Moreover, the studies focussed on people in the early stages of the disease, but the F.D.A. has approved the drug for use by anyone with Alzheimer’s—even though it was not tested on people with more advanced cases. That almost assures that thousands of seriously ill Americans will take the drug without any scientific justification for doing so. Jason Karlawish, a co-director of the University of Pennsylvania’s Penn Memory Center, in Philadelphia, who ran one of the trial sites, told Reuters, “This decision has shaken the foundations of the scientific process and methods.” He added, “It’s a disturbing set of events, scientifically, clinically, politically.”
AIDS activists began to campaign for earlier access to experimental medicine in the late nineteen-eighties. They argued that people who were almost certain to die and had no alternatives should have the opportunity to take those drugs before trials had proved they were effective. That practice was considered acceptable at the height of the AIDS epidemic, when so many people resorted to dangerous remedies that caused real harm, even death. It was not until 1987, six years into the epidemic, that AZT, the first drug to treat AIDS directly, was approved.
The approach soon became routine for many diseases. It has been a largely successful attempt to balance compassion with the need for useful data. Fast-tracking the release of experimental medicines makes sense when the alternative is death. And it makes sense for diseases that affect a small population. Recently, though, an increasing number of drugs have been approved by that process. Critics argue that those approvals are too often based on tangential indicators that do not lead to better health outcomes.
It has only been a year since Donald Trump extolled from the White House podium the virtues of hydroxychloroquine as a preventative against COVID-19. There was no acceptable data to suggest that it worked. For some people, the drug was actually dangerous. But the F.D.A., under pressure from the White House, issued an emergency-use authorization. Less than three months later, once the drug’s failure became too clear to ignore, the agency was forced to withdraw the authorization.

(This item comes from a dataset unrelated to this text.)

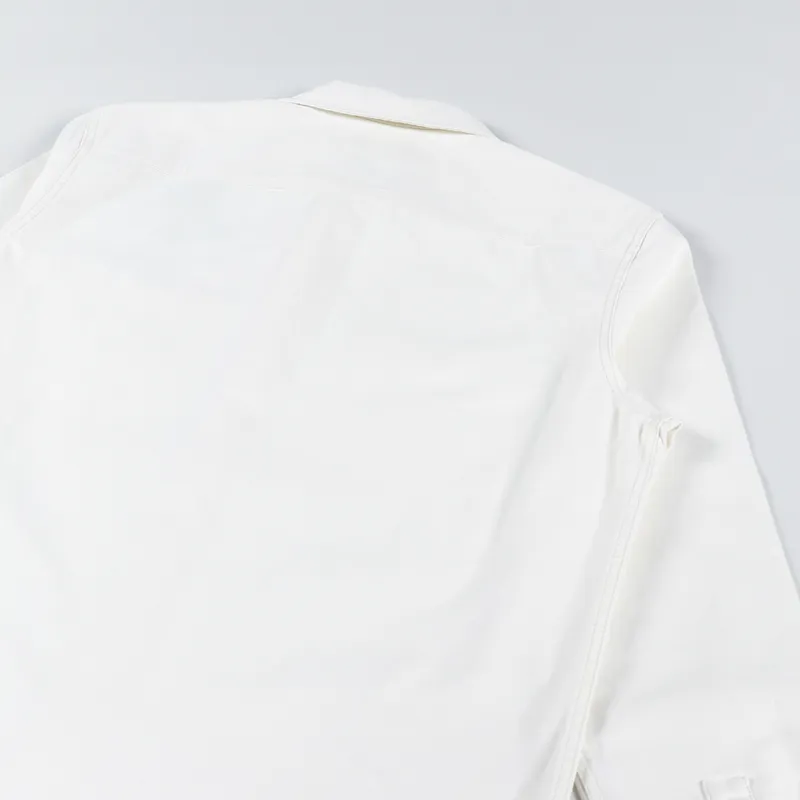 Dickies Florala Shirt Cloud-6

This is not how the F.D.A. is supposed to work. Millions of Americans rely on the agency to sift through data and present scientifically valid results. It is there to protect us, not to tell us what we want to hear. Often, this means that agency officials are required to convey bad news rather than hope. Understandably, we all prefer hope, but erasing the distinction between a medicine that works and one that does not will never provide it. And if the F.D.A. doesn’t understand that, who will?